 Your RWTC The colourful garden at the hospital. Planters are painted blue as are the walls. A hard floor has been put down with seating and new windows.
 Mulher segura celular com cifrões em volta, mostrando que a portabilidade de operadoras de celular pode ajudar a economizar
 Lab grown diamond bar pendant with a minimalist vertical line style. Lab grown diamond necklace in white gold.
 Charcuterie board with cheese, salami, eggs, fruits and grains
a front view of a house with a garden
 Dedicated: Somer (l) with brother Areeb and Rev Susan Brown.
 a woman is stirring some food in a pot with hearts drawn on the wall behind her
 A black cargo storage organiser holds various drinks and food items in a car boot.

▬▬▬

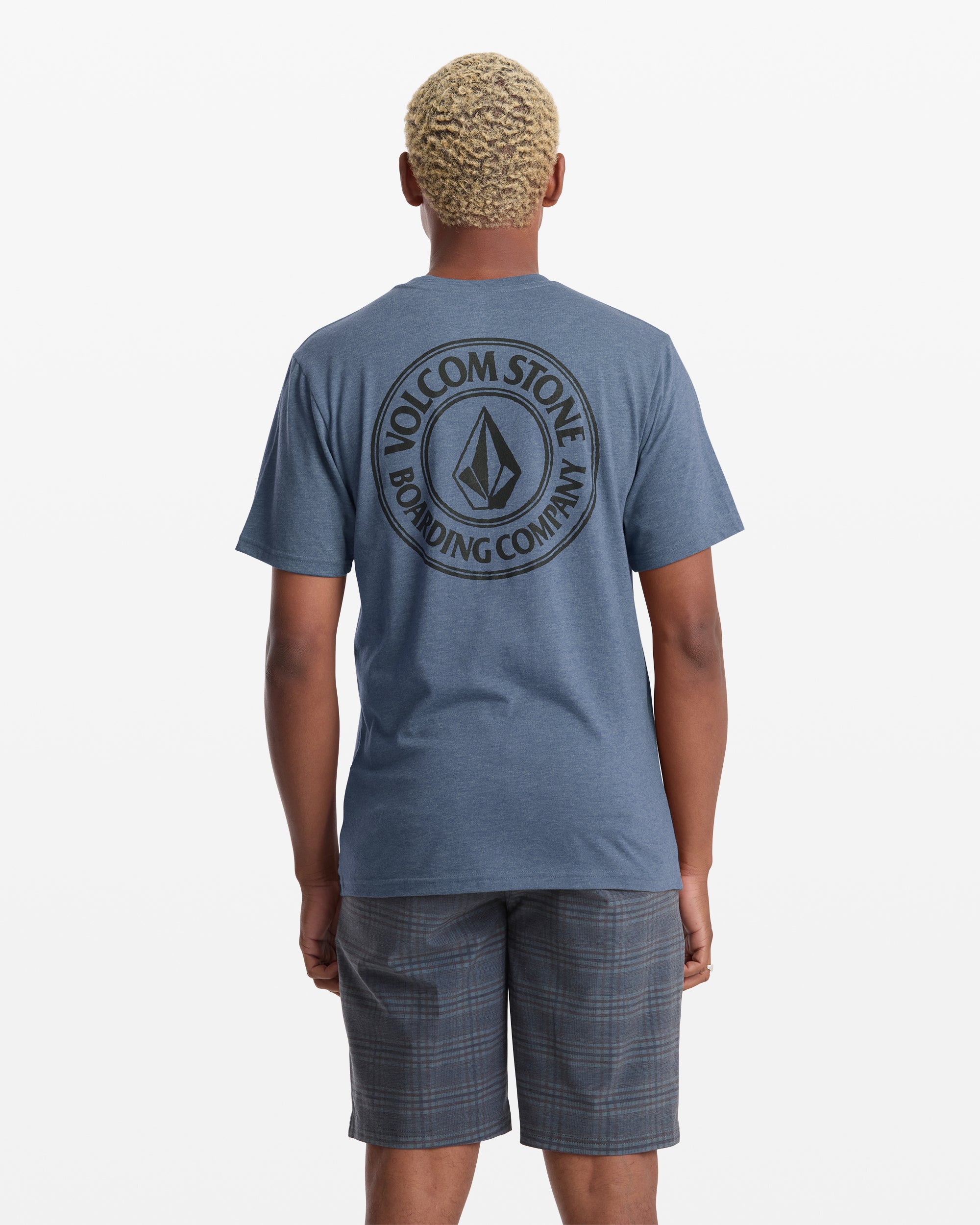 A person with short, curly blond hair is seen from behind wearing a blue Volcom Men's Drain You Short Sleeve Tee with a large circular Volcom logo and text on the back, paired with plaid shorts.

▬▬▬

Task details:
Within the entries, find all lines that contain "food" and copy each one.

Solution to the problem:
 a woman is stirring some food in a pot with hearts drawn on the wall behind her
 A black cargo storage organiser holds various drinks and food items in a car boot.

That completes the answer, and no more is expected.